George Bush's White House has been served with an indictment on five counts against the chief of staff to the Vice President. Tom DeLay's trial is under way. And Bill Frist is the subject of a formal investigation by the Securities and Exchange Commission for selling off his family's stock.
And there are more investigations against Republicans lurking just below the surface. Powerful House member Bob Ney is wrapped up tightly with disgraced lobbyist Jack Abramoff; Congressman Randy Cunningham is in bed with a defense contractor; House Republican Richard Pombo, who chairs the House Resources Committee, has gone on travel junkets paid for by a shady private foundation.
Outside of D.C. there's Kentucky Governor Ernie Fletcher, who is going down for having a GOP-only hiring practice. And the Ohio Republican Party has collapsed: Governor Bob Taft has been reprimanded and fined for playing golf on lobbyists' tabs, and big-time donor Tom Noe has been indicted for funneling cash into George Bush's re-election and stealing from the public purse to pour money into his rare coin investments.
Each crime is a fitting symbol of each Republican's particular brand of political criminality: George Bush's team got busted in a smear attempt against an Iraq war opponent -- but the entire case for war was a crime if there ever were one. DeLay's case is about him funneling corporate money to political causes to scorch Texas' political landscape with R's in every district -- but he's done nothing but funnel money from corporations for pork and political advantage every year he's been in Congress. Richard Pombo was found to have taken money from a group funded by whalers, mink farmers and veal barons -- poetic justice for a guy who has tried to sell off our national parks to mining and lumber interests. And so on.
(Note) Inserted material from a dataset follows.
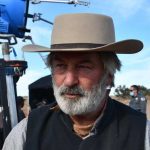 Alec Baldwin recibe nueva demanda por tiroteo en rodaje de “Rust” Alec Baldwin recibe nueva demanda por tiroteo en rodaje de “Rust”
It's time for the Democrats to seize the political advantage, right? Every single political branch in D.C. is on fire. The world is also on fire, or drowning: the American public has clear, massive majority positions on Iraq, Katrina, our $8 trillion national debt, world poverty, $3 gallon gas and rapid climate change. Yet what we've gotten so far from the Democratic leadership is meaningless sloganeering.
Senate Minority Leader Harry Reid and power-hungry Hillary Clinton's big rhetorical banner for 2006 -- as good an indicator to the Democrats' predictions of where all this scandal and disaster is going to take them in the next election as any -- is, America Can Do Better.
Here's where I part from those who have taken the time to criticize the D.C. Democrats for such a feckless response. Step back and look at the political climate for a moment before passing judgment on America Can Do Better. The legal investigations listed above have been the driving engine of the political process for months now. Political advantage is currently determined by the ups and downs of pending cases; we're bringing the courts into the political process on a comprehensive scale far beyond what we saw with Ken Starr in the '90s -- a trend that, if treated by political leaders as appropriate politics, as the Roman historian Tacitus attested, is proof of a deceased republic.
Democrats and their partisan supporters are relying on prosecutors to do what they couldn't at the ballot box. Patrick Fitzgerald would not be in the spotlight today if John Kerry hadn't been such a squeamish collaborator in our rush to war in Iraq, and such an unrepentant coward leading up to the 2004 election (and he still is a year later).